Sur le terrain, cette compatibilité permet de connecter sans difficulté les capteurs essentiels pour l’entraînement : capteur de puissance, cardiofréquencemètre, radar arrière ou encore home-trainer connecté. Le Roam 3 gère également les accessoires compatibles ANT+, ce qui facilite l’utilisation avec un matériel déjà existant, sans se limiter à un seul écosystème. La reconnaissance des équipements est très rapide à chaque démarrage. J’ai simplement remarqué plus de déconnexions de ma ceinture cardiaque Bryton que ce que j’ai pu constater avec le Coros Dura que je testais auparavant.
On retrouve aussi la possibilité de synchronisation automatique via Wi-Fi, ce qui évite d’avoir à passer systématiquement par le téléphone après chaque sortie, et le transfert est presque instantané. Pour les utilisateurs les plus pointilleux, les fichiers d’activité peuvent également être exportés au format .fit afin d’être analysés plus en détail sur ordinateur.
Au final, le Wahoo Elemnt Roam mise sur une connectivité complète, pensée pour les cyclistes qui utilisent déjà plusieurs capteurs et plateformes d’entraînement, tout en gardant une configuration relativement simple au quotidien. Sur ce point, il ne souffre aucunement de la comparaison avec le Garmin Edge 850.
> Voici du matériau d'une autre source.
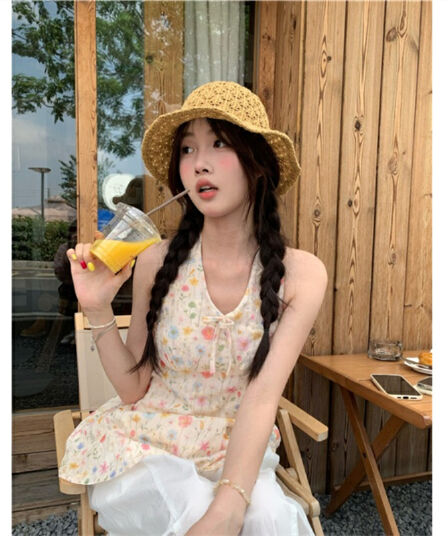 원본 자수 원단 프랑스식 레트로 꽃무늬 조끼 여름 작은 대중 몸매 가꾸기 뒤로 스트랩 맨위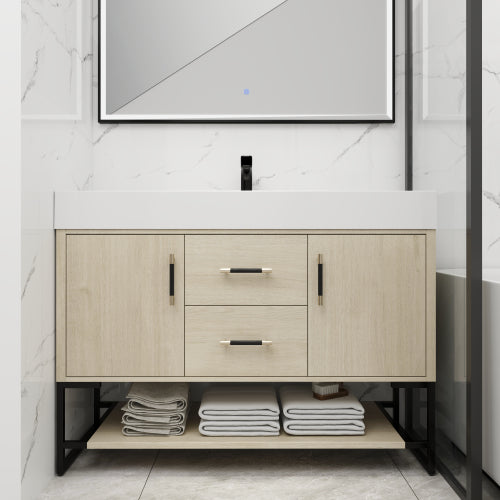 48" Bathroom Vanity Freestanding Design With Resin Sink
Autonomie du Wahoo Elemnt Roam 3
Wahoo annonce jusqu’à 25 heures d’autonomie pour le Wahoo Elemnt Roam 3, une qualité qui le positionne clairement comme un compteur taillé pour les longues sorties et les journées d’entraînement bien chargées. Dans les faits, cette promesse se confirme assez facilement lors d’une utilisation classique, même avec une navigation GPS active et la connexion à plusieurs capteurs.

Sur mes sorties les plus longues, en conservant un usage mixte entre suivi d’itinéraire, affichage de données et synchronisation des capteurs, l’autonomie s’est montrée très solide, sans nécessité de recharge avant d’atteindre 20 heures d’utilisation. En limitant simplement le rétroéclairage, on peut optimiser encore un peu plus la consommation, sans impacter réellement l’expérience en plein jour. J’ai pensé à lui mettre un coup de charge lorsqu’il a approché 30 % de batterie après 3 semaines d’utilisation. Une autonomie qui reste deux fois supérieure à celle que j’ai mesurée avec le Garmin Edge 850.
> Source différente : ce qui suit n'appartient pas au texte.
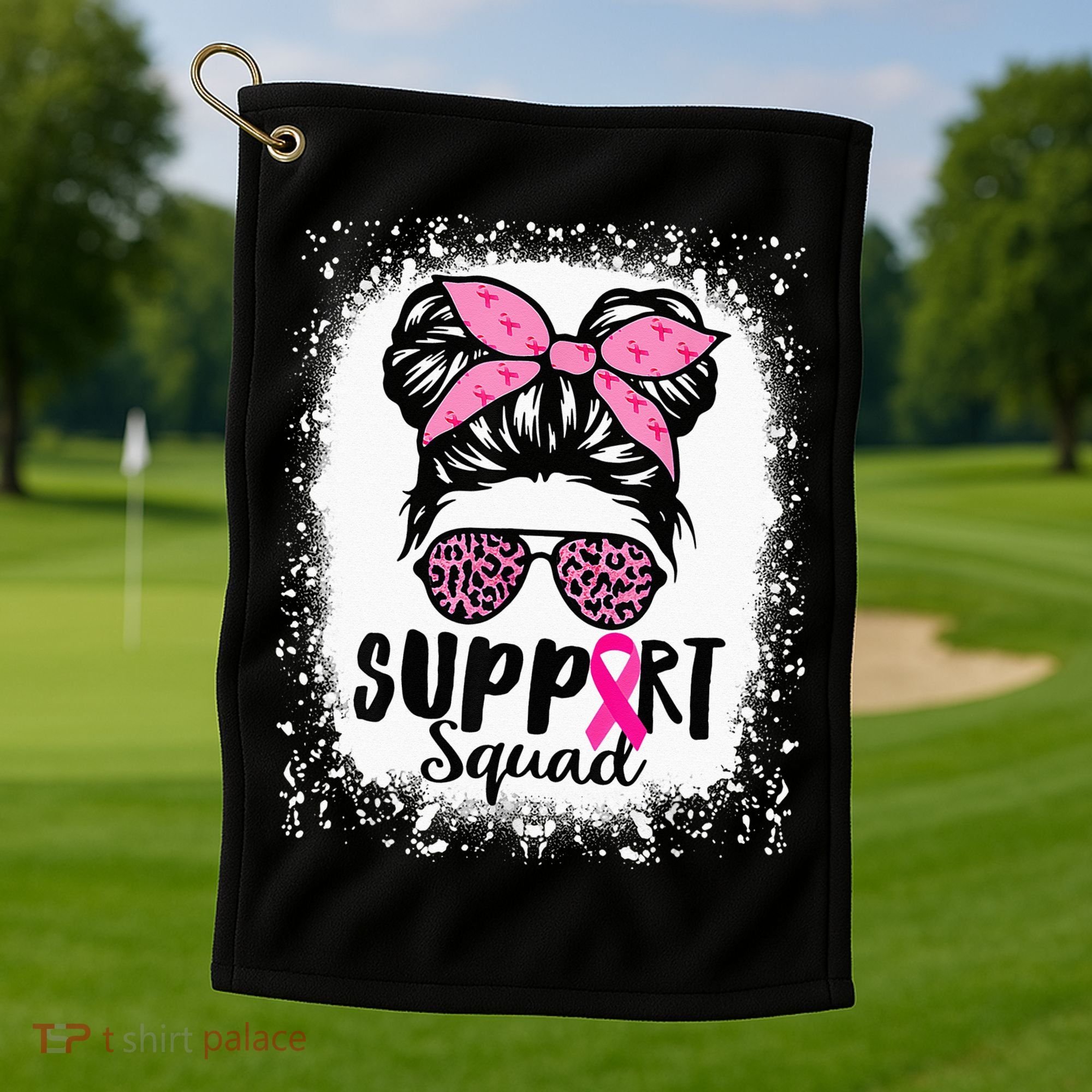 Messy Bun Glasses Pink Support Squad Breast Cancer Awareness Golf Towel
L’Elemnt Roam 3 est capable d’assurer les longues sorties, les week-ends intensifs ou même des épreuves d’ultra-distance sans stress particulier sur la batterie. Mais il sera moins bon sur le sujet de l’autonomie que le Coros Dura, qui m’a bluffé.
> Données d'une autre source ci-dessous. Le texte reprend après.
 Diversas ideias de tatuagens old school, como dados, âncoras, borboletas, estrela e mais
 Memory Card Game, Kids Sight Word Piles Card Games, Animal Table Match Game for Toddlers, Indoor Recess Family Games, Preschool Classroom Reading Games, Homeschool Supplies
Prix et disponibilité du Wahoo Elemnt Roam 3
Le Wahoo Elemnt Roam 3 est vendu 449,99 euros. C’est 50 euros de plus que l’ancien Elemnt Roam 2, mais 50 euros de moins que le Garmin 850.
Il n’apparaît pas comme une mauvaise affaire, mais est-il nécessaire de mettre autant d’argent alors que le Coros Dura arrive à remplir de nombreux usages pour deux fois moins cher ? Désolé, mais depuis que j’ai essayé ce dernier, je risque d’être bien plus critique sur les prix des compteurs GPS.